La alegría desmedida es cosa de los dominicanos. Lidio Feliz y Alexander Ogando caminan en la noche como subidos a una nube, cabello pintado con la bandera de su país. Acaban de batir a Estados Unidos en su propia casa para llevarse el oro en los relevos mixtos de 400 metros, y tienen el móvil lleno de mensajes por responder en WhatsApp, Instagram y Facebook. Les gusta el concepto de campus, donde se han cruzado con su ídolo Wayde van Niekerk, al que veían cuando empezaban y con el que ahora corren, pero cambiarían algunas cosas: “Las camas son como de presos, incómodas”, se quejan.
También parece caminar contento en la noche de Oregón el keniano Ferdinand Omanyala, todo músculo y potencia, que ha vivido un día de locos. En un mundo donde la planificación es minuciosa, ha llegado solo tres horas antes de su serie de 100 metros porque no le concedieron el visado a EE UU hasta última hora. Pese a ello, ha conseguido clasificarse. “Veremos cómo corro mañana”, dice sonriente.
Los voluntarios también son imprescindibles para que todo salga bien. Uno de ellos, Thu Ta, de Myanmar, cuenta que se vino a estudiar a Eugene porque en su país podrían meterlo en prisión por ser opositor.

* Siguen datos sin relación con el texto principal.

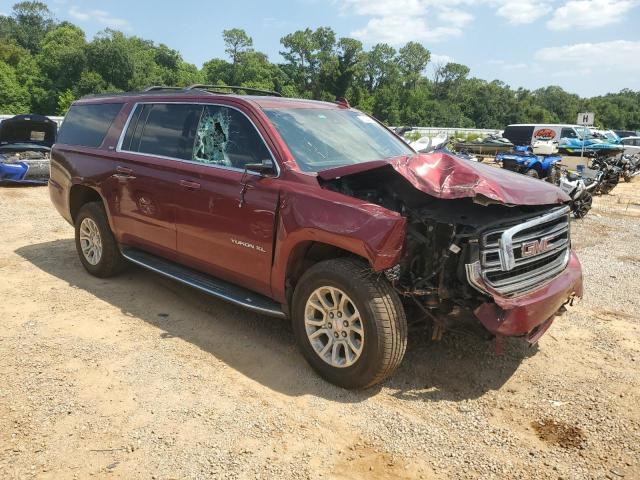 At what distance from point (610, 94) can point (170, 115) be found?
138 metres

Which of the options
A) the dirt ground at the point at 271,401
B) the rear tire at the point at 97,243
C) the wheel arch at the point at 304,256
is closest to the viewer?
the dirt ground at the point at 271,401

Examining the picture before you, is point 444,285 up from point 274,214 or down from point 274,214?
down

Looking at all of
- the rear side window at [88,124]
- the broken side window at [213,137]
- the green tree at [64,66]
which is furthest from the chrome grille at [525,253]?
the green tree at [64,66]

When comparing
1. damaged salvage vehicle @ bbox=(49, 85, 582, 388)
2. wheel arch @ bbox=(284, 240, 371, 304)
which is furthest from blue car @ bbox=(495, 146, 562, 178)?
wheel arch @ bbox=(284, 240, 371, 304)

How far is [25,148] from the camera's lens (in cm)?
1209

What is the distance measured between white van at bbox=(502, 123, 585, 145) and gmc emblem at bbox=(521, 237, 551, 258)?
28722 millimetres

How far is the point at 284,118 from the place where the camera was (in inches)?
160

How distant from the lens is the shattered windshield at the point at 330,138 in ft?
12.6

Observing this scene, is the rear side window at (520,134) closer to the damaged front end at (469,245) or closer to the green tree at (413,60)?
the damaged front end at (469,245)

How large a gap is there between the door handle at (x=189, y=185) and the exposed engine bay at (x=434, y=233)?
4.02ft

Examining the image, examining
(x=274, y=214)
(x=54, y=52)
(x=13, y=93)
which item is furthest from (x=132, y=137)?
(x=54, y=52)

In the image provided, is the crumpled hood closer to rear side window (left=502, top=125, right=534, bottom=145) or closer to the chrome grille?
the chrome grille

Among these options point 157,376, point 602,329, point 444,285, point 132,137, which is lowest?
point 157,376

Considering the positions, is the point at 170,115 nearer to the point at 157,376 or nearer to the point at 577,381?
the point at 157,376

Sus estudiantes están ahora en la jungla aprendiendo a usar armas, y él se plantea ir a la frontera con Tailandia a enseñar a los migrantes que crucen desde su país cuando termine sus clases en Oregón.
A un par de kilómetros del campus, junto al circuito de marcha, una tienda de campaña aparece instalada extrañamente cerca del lugar donde las atletas se batirán en solo unas horas. Una voluntaria hawaiana aclara quién es su inquilino. “Es un sintecho que está esperando sitio en un centro de rehabilitación de drogas cercano”, explica. Y el mundo feliz de los atletas. Jóvenes, rápidos y resistentes, se funde con una de las epidemias sin resolver de Estados Unidos.